We could wrestle with ESRI’s API, but, there’s an even more fun way, which I learned about via this blog post. Reading that will lead you on to the pyesridump library, which I use within Python to download the layers of that StoryMap as .geojson files.

The details of how pyesridump converts ESRI StoryMap Features into “standard” WKT Geometries can be fun to learn but are a bit outside of the scope of this writeup. But, from the following output you can see that ESRI Features can contain the WKT geometry types we’ve seen (like POINT, LINESTRING, or POLYGON), and in this case the feature we download does indeed correspond to a collection of POLYGONs (here we print just its first coordinate):

ESRI Type: Feature
ESRI Properties: {'OBJECTID': 1, 'area': 41360557.05027756, 'Shape__Area': 413605942350.6803, 'Shape__Length': 4362383.882545892}
Geometry Type: Polygon
First Coordinate: [37.6952778, 39.2168218]

Source: Scraping Data from ArcGIS StoryMaps

The remainder of the lab uses these files, along with rnaturalearth!

Now Modern Border Geoms

library(tidyverse) |> suppressPackageStartupMessages()
library(sf) |> suppressPackageStartupMessages()
library(rnaturalearth) |> suppressPackageStartupMessages()
library(mapview) |> suppressPackageStartupMessages()

country_list <- c(
  "Turkey",
  "Iran",
  "Iraq",
  "Syria"
)
countries_sf <- rnaturalearth::ne_countries(
  scale=50,
  type="countries",
  country=country_list
)

From among allll the variables in countries_sf, we’re only going to need geounit and (later) pop_est!

countries_sf <- countries_sf |>
  select(geounit, pop_est)

countries_map <- mapview(
  countries_sf,
  zcol='geounit'
)
countries_map

And now the 1946 .geojson file, from the ESRI StoryMap, as discussed above!

print(getwd())

[1] "/Users/jpj/gtown-local/ppol6805/writeups/interpolation"

if (endsWith(getwd(), "ppol6805")) {
  setwd("./writeups/interpolation/")
}
krd_sf <- sf::st_read("data/krd_46.geojson") |>
  mutate(label="Kurdistan 1946")

Reading layer `krd_46' from data source 
  `/Users/jpj/gtown-local/ppol6805/writeups/interpolation/data/krd_46.geojson' 
  using driver `GeoJSON'
Simple feature collection with 1 feature and 4 fields
Geometry type: POLYGON
Dimension:     XY
Bounding box:  xmin: 36.25249 ymin: 31.58789 xmax: 50.9462 ymax: 40.05815
Geodetic CRS:  WGS 84

krd_map <- mapview(krd_sf, zcol='label')
krd_map

countries_map + krd_map

Part 2: Areal-Weighted Interpolation for “Division”

First: Splitting KRD

Intersects as the default predicate… not very helpful here!

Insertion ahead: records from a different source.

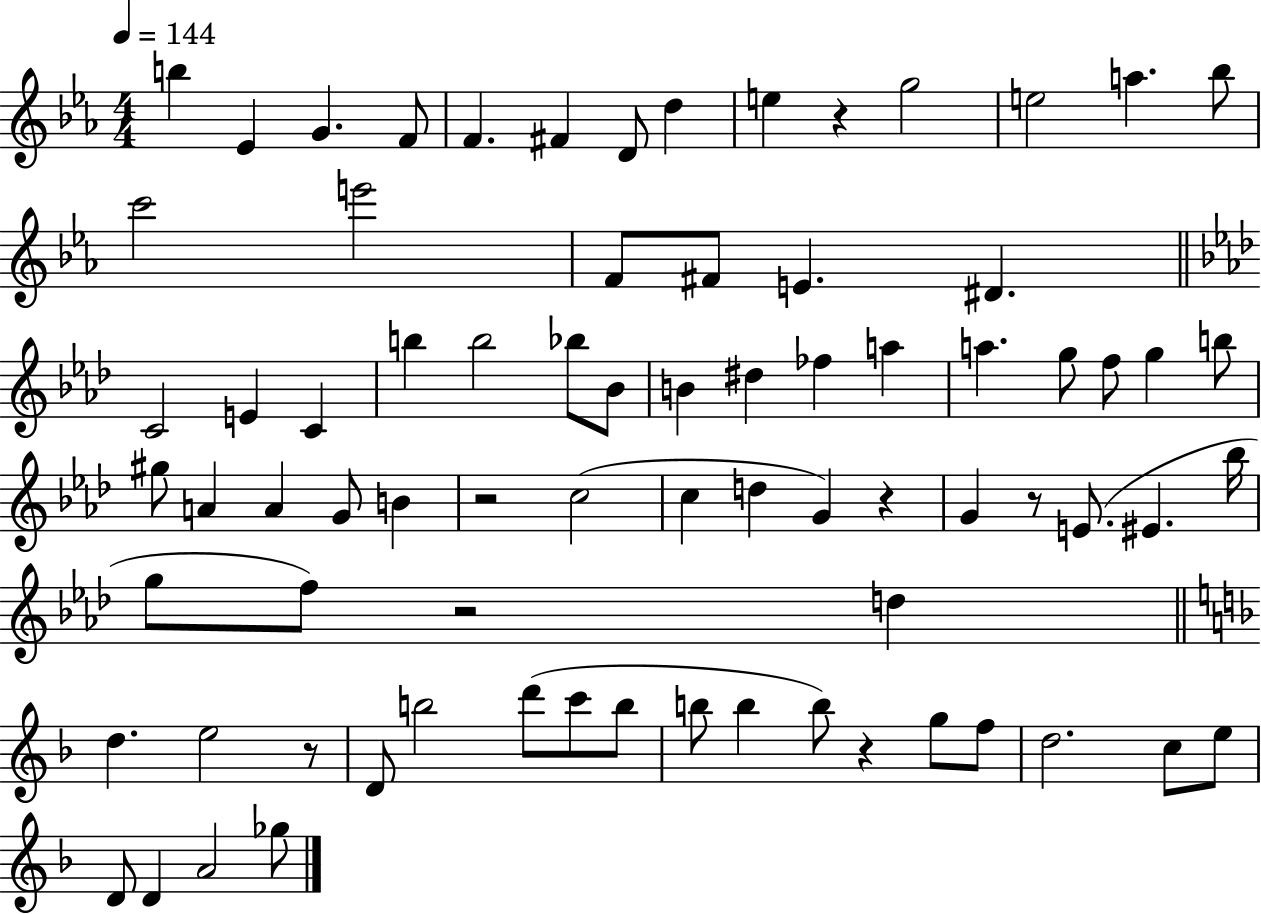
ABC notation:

X:1
T:Untitled
M:4/4
L:1/4
K:Eb
b _E G F/2 F ^F D/2 d e z g2 e2 a _b/2 c'2 e'2 F/2 ^F/2 E ^D C2 E C b b2 _b/2 _B/2 B ^d _f a a g/2 f/2 g b/2 ^g/2 A A G/2 B z2 c2 c d G z G z/2 E/2 ^E _b/4 g/2 f/2 z2 d d e2 z/2 D/2 b2 d'/2 c'/2 b/2 b/2 b b/2 z g/2 f/2 d2 c/2 e/2 D/2 D A2 _g/2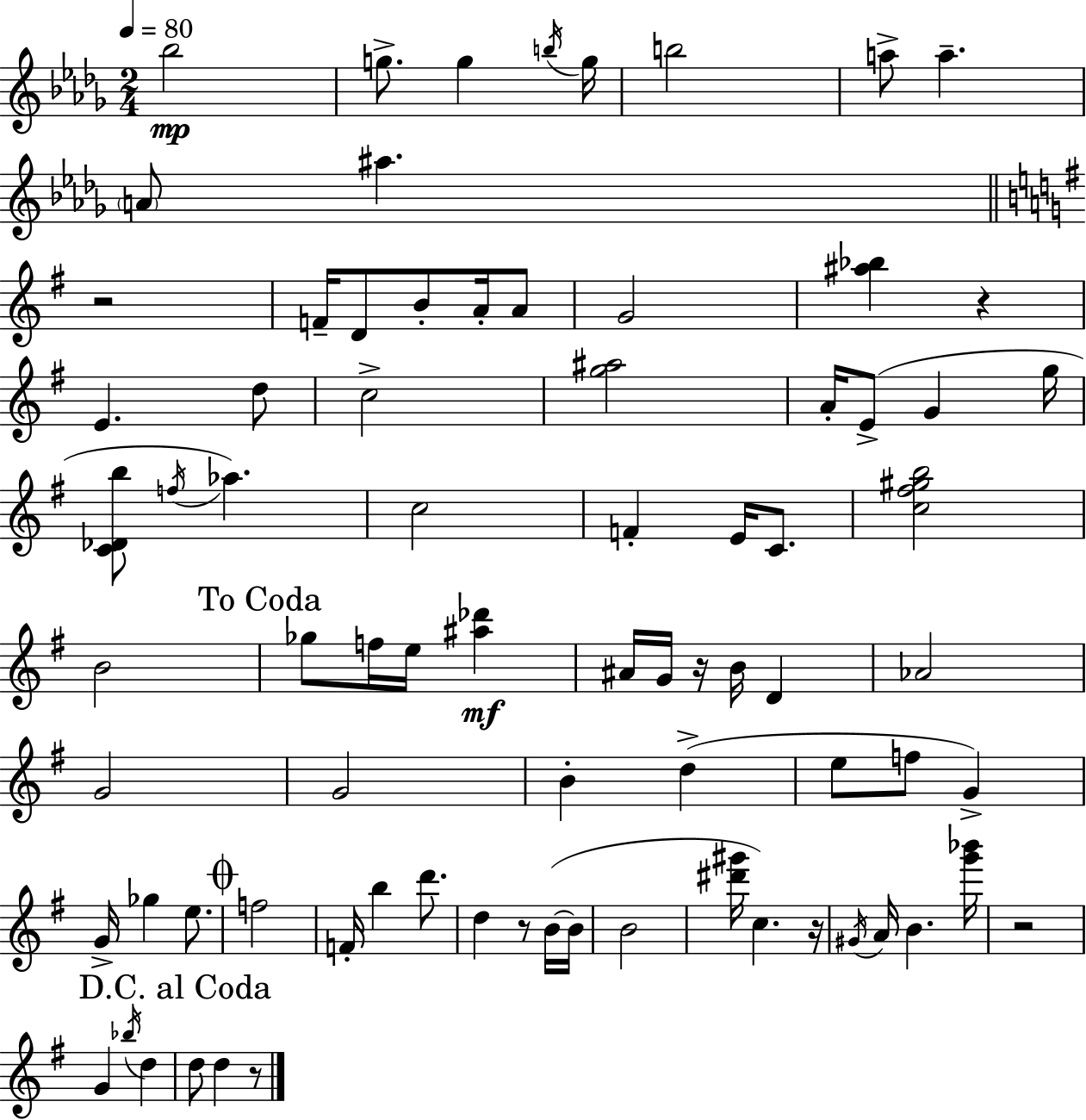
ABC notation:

X:1
T:Untitled
M:2/4
L:1/4
K:Bbm
_b2 g/2 g b/4 g/4 b2 a/2 a A/2 ^a z2 F/4 D/2 B/2 A/4 A/2 G2 [^a_b] z E d/2 c2 [g^a]2 A/4 E/2 G g/4 [C_Db]/2 f/4 _a c2 F E/4 C/2 [c^f^gb]2 B2 _g/2 f/4 e/4 [^a_d'] ^A/4 G/4 z/4 B/4 D _A2 G2 G2 B d e/2 f/2 G G/4 _g e/2 f2 F/4 b d'/2 d z/2 B/4 B/4 B2 [^d'^g']/4 c z/4 ^G/4 A/4 B [g'_b']/4 z2 G _b/4 d d/2 d z/2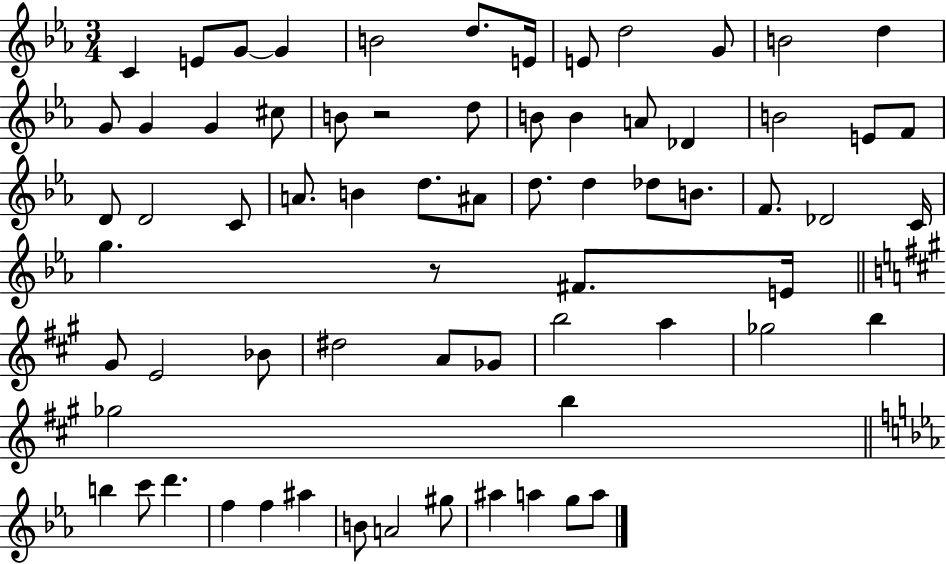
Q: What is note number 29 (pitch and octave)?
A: A4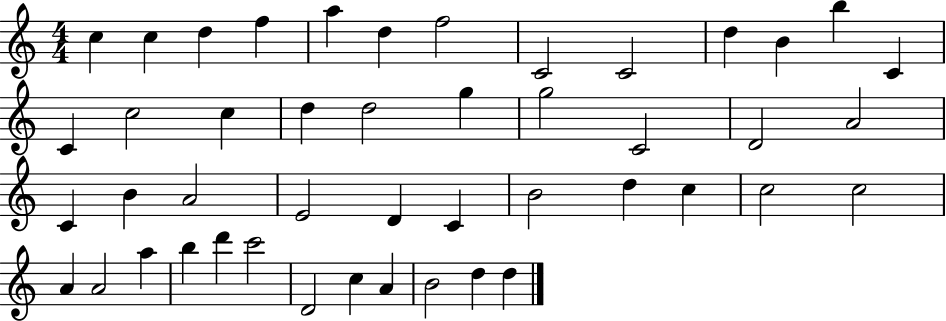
C5/q C5/q D5/q F5/q A5/q D5/q F5/h C4/h C4/h D5/q B4/q B5/q C4/q C4/q C5/h C5/q D5/q D5/h G5/q G5/h C4/h D4/h A4/h C4/q B4/q A4/h E4/h D4/q C4/q B4/h D5/q C5/q C5/h C5/h A4/q A4/h A5/q B5/q D6/q C6/h D4/h C5/q A4/q B4/h D5/q D5/q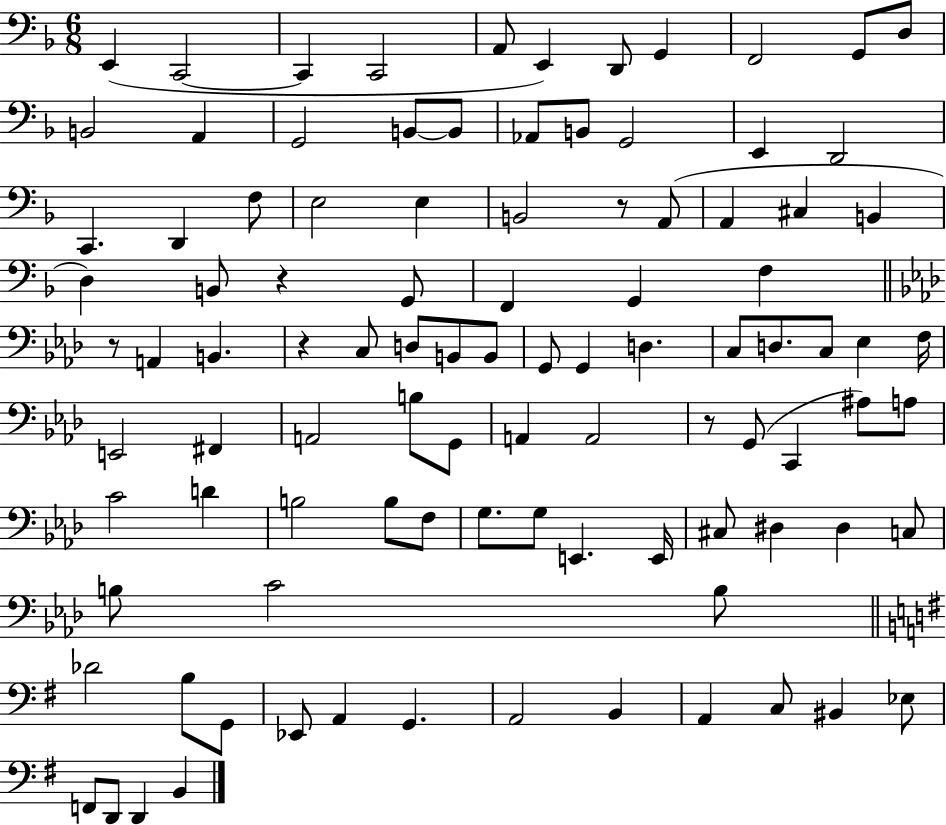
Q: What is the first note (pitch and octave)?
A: E2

default_sf <- countries_sf[krd_sf,]
mapview(default_sf)

But, intersection, via st_intersection(), does give us what we want!

# inter_sf <- st_as_sf(st_union(st_intersection(countries_sf, krd_sf)))
inter_sf <- st_intersection(countries_sf, krd_sf)

Warning: attribute variables are assumed to be spatially constant throughout
all geometries

mapview(inter_sf)

New Name Column

inter_sf <- inter_sf |> mutate(
  krd_name = paste0(geounit, " Kurdistan")
)

Now let’s view the four rows of the sf object individually:

mapview(inter_sf[1,], zcol='krd_name')

mapview(inter_sf[2,], zcol='krd_name')

mapview(inter_sf[3,], zcol='krd_name')

mapview(inter_sf[4,], zcol='krd_name')

…And All at Once

mapview(inter_sf, zcol='krd_name')

Very cool, but, we haven’t taken population into account at all, which was the whole point of this exercise… spatial join / interpolation time!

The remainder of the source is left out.